Le régime d’état d’urgence sanitaire a conduit à un contrôle des voyages, soumis à autorisation du gouvernement. L’allègement annoncé de cette situation d’exception au 1er juin prochain va peut être changer les conditions de voyage des Calédoniens. L’Assemblée Nationale a entrepris l’examen de la suite à donner à l’urgence sanitaire.

La déclaration de l’état d’urgence sanitaire autorise en effet le Premier ministre à prendre par décret :

  • des mesures limitant la liberté d’aller et venir, la liberté d’entreprendre et la liberté de réunion (y compris des mesures d’interdiction de déplacement hors du domicile) ;
  • des mesures de réquisition de tous biens et services nécessaires pour mettre fin à la catastrophe sanitaire ;
  • des mesures temporaires de contrôle des prix

Quels sont les motifs permettant de se déplacer par avion ?

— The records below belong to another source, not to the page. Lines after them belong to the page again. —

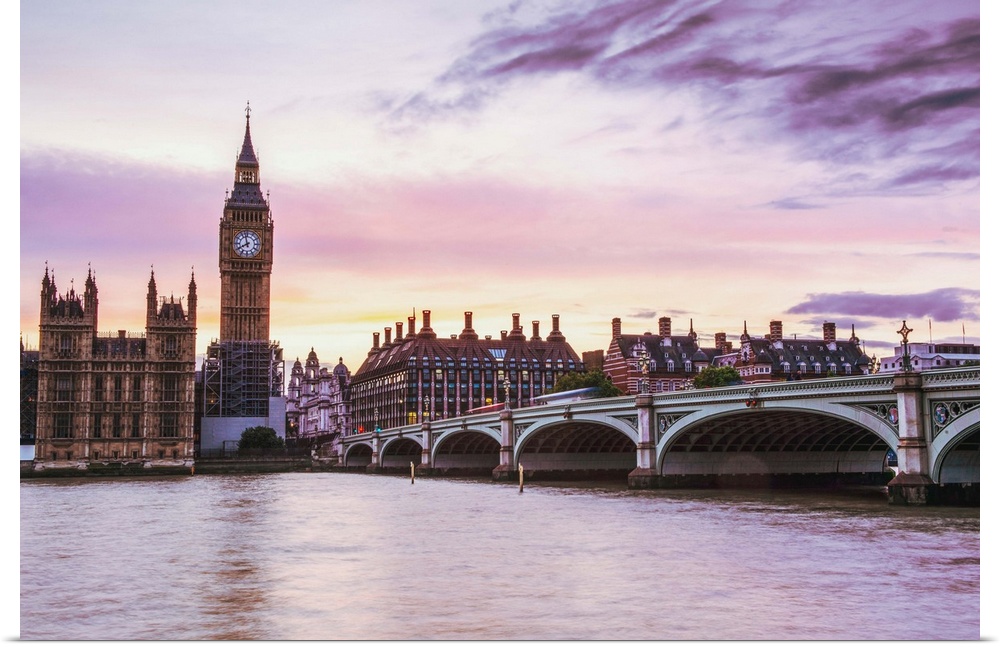 Photograph of Big Ben and the Westminster Bridge with a pink and purple sunset.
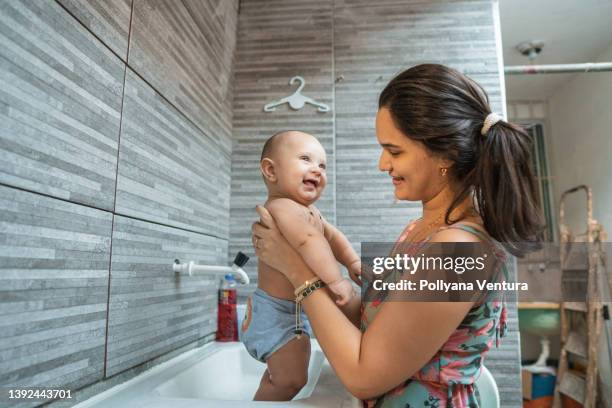 baby bath time - mother and baby taking a bath stock pictures, royalty-free photos & images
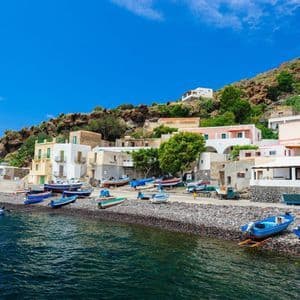 Piccole barche sono ormeggiate su una spiaggia di ciottoli di fronte a un villaggio incastonato su un fianco di collina roccioso, sotto un cielo azzurro.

Aux termes de l’article 10 du décret du 29 octobre 2020, sont interdits, sauf s’ils sont fondés sur un motif impérieux d’ordre personnel ou familial, un motif de santé relevant de l’urgence ou un motif professionnel ne pouvant être différé, les déplacements de personnes par transport public aérien entre, d’une part, la Polynésie française, la Nouvelle-Calédonie ou Wallis et Futuna et, d’autre part, tout point du territoire de la République.

En conséquence, un passager provenant de l’un de ces territoires d’outre-mer précités ne peut prendre l’avion, sauf s’il démontre que son voyage est fondé sur un motif relevant de l’un des trois cas ci-dessous.

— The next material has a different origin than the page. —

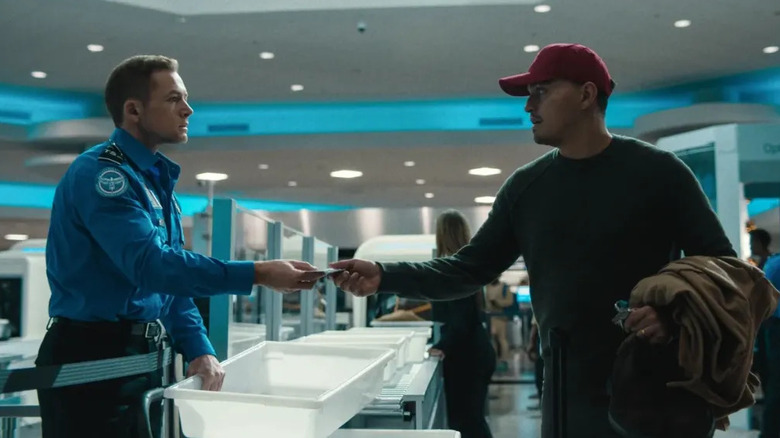 Taron Egerton as Ethan Kopek with a suspicious passenger in Carry-On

1er cas : motif impérieux d’ordre personnel ou familial. 

2ème cas : motif de santé relevant de l’urgence. 

3ème cas : motif professionnel ne pouvant être différé. 

L’Assemblée nationale a entrepris ce lundi 10 mai l’examen du projet de loi de sortie de l’état d’urgence sanitaire, au profit d’un régime transitoire qui donnera des prérogatives exceptionnelles au gouvernement jusqu’au 31 octobre. Le Premier ministre Jean Castex avait en effet annoncé la sortie prochaine de l’état d’urgence sanitaire, lors d’une conférence de presse le mercredi 28 avril. Ce ne sera plus un état d’urgence sanitaire mais un régime transitoire qui sera en vigueur du 2 juin au 31 octobre. Dans le détail, le texte proposera des mesures qui porteront sur :

  • les conditions d’ouverture de certains établissements recevant du public
  • d’éventuelles limites en matière de déplacements ou rassemblements
  • le renforcement des contrôles aux frontières avec la possibilité d’exiger soit un test négatif soit une preuve de vaccination
  • des dispositions du texte visent enfin à « faciliter » et « sécuriser » l’organisation des prochaines élections départementales et régionales. 

Ces dispositions devraient concerner la métropole, et certains pays à risque comme le Brésil. En ce qui concerne la Nouvelle-Calédonie, pays indemne du Covid, beaucoup espèrent la restauration d’aller et venir entre la métropole et le territoire.